Newer
Older
.. _DataFilesForTesting:
======================
Data Files for Testing
======================
.. contents::
:local:
Summary
#######
This page gives an overview of how data files are managed within Mantid.
Motivation
##########
Some unit tests use a small amount of data that is created by the test
harness and others load data from a file. Take the example of
``ApplyCalibrationTest``. In its first test, testSimple, it creates a
``WorkspaceCreationHelper::create2DWorkspaceWithFullInstrument()``. In
the second test, testComplex, it reads a file
``unit_testing/MAPS_Definition_Reduced.xml``, which contains
the definition of a MAPS instrument with the number of detectors reduced
much to ensure it is read quickly but preserving the other properties of
this instrument.
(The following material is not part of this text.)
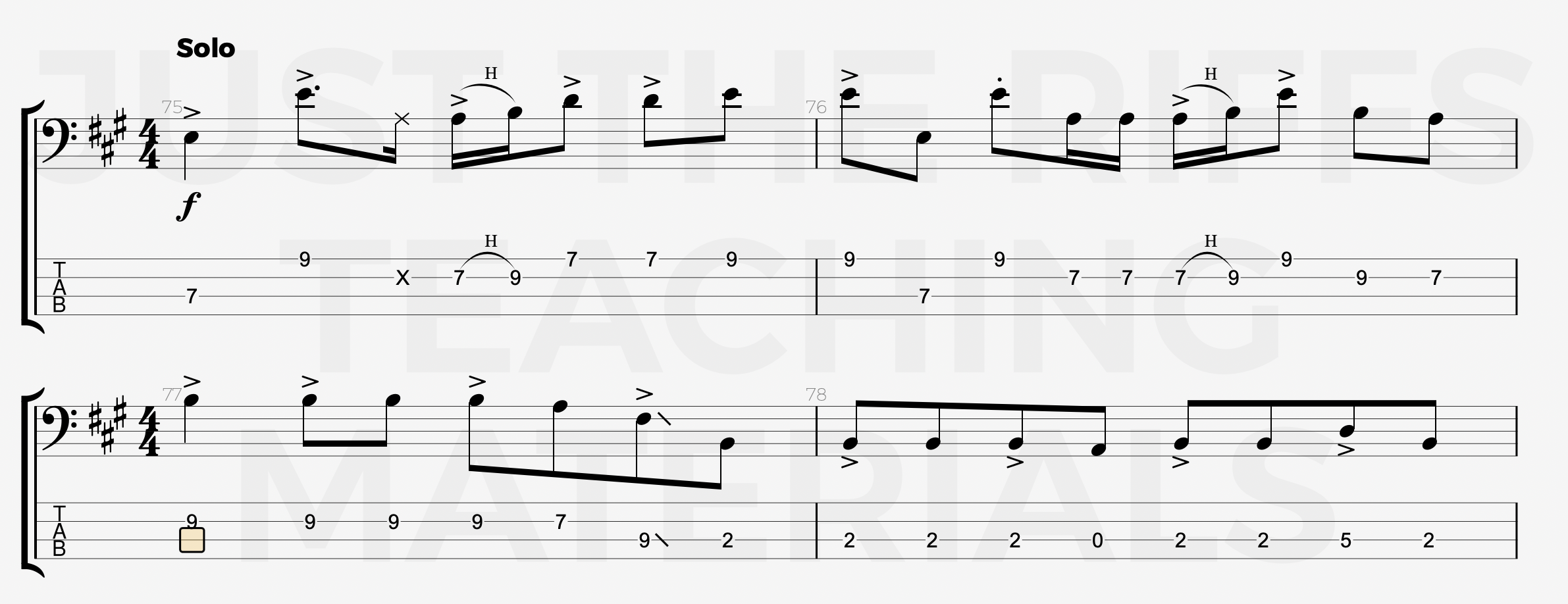 JTR - Transcription Guide Notation and Tab Example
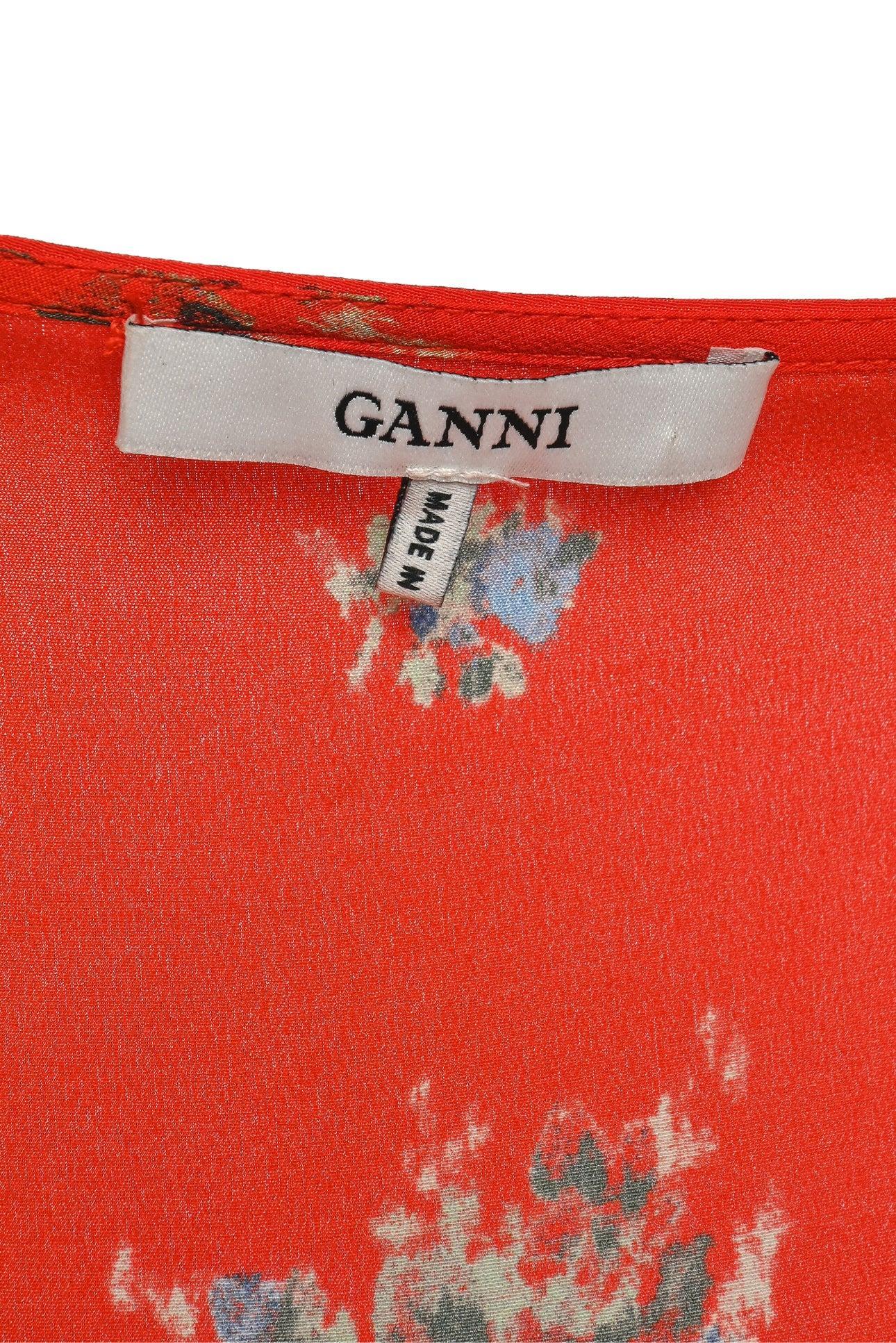 Ganni Size 38 Floral Wrap Maxi Dress - Image 4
However, new tests should avoid even loading of this
nature unless there is a strong justification for doing so.
- need to store data, mainly for testing, alongside the code
- some data needs to be versioned
- merging system tests back with main code requires handling large data
files
- git is bad at handling binary files
- CMake's `ExternalData <http://www.kitware.com/source/home/post/107>`__
- don't have any reference to data in git and force developers to
manage the data stored on a file server
- extensions to git, e.g.
`git-fat <https://github.com/jedbrown/git-fat>`__,
`git-annex <https://git-annex.branchable.com/>`__ to deal with large
files
We have chosen to use CMake as it is already in use as a build system
and it doesn't involve introducing extra work with git.
CMake's External Data
#####################
.. figure:: images/ExternalDataSchematic.png
:alt: Image originated at http://www.kitware.com/source/home/post/107
:align: center
Image originated at http://www.kitware.com/source/home/post/107
- content - the real data
- content link - text file containing a hash (MD5) of the real content.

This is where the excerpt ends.